### TASK OBJECTIVE
Beginning with the line that includes "Photo of brick", return every remaining line of the material exactly as it reads, but not the pictures.

### STORED DATA

--------------------------------------------------

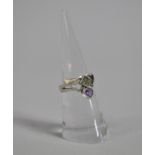 A Silver Dress Ring with Amethyst Teardrop Stone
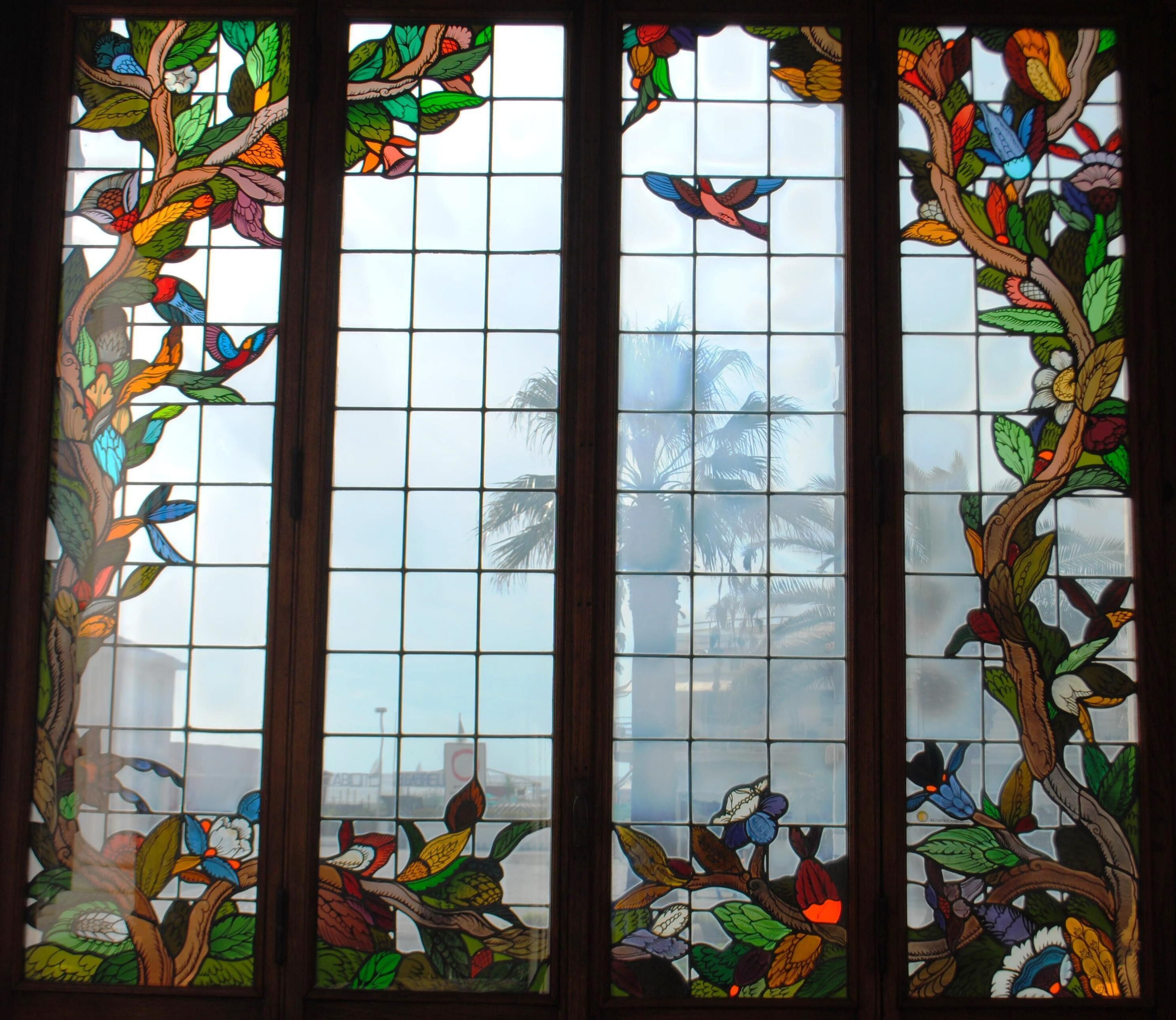 A stained glass window with a tropical design, featuring birds and foliage.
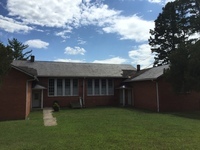 Photo of brick building with side-gable roof and two projecting wings. Doors flank two sets of four, grouped nine-over-nine windows.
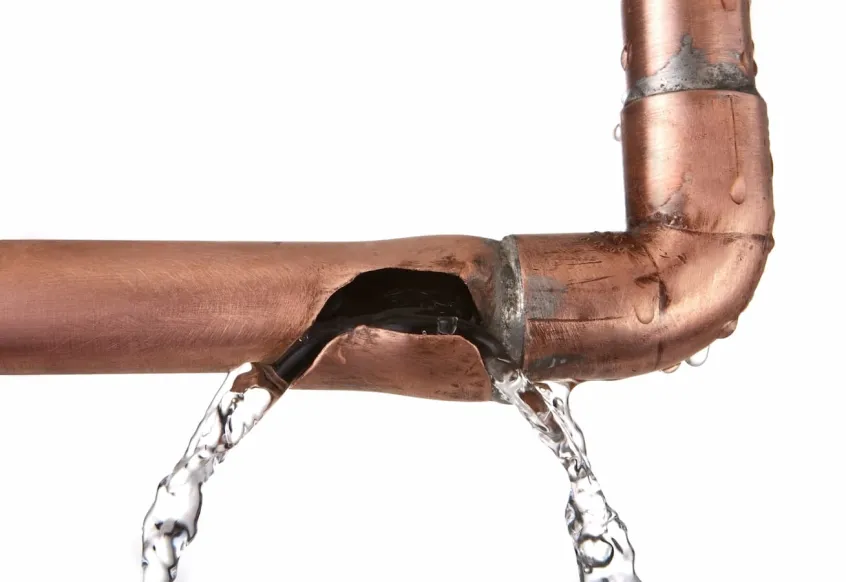 Water leaking from a burst copper pipe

--------------------------------------------------

### THE ANSWER
 Photo of brick building with side-gable roof and two projecting wings. Doors flank two sets of four, grouped nine-over-nine windows.
 Water leaking from a burst copper pipe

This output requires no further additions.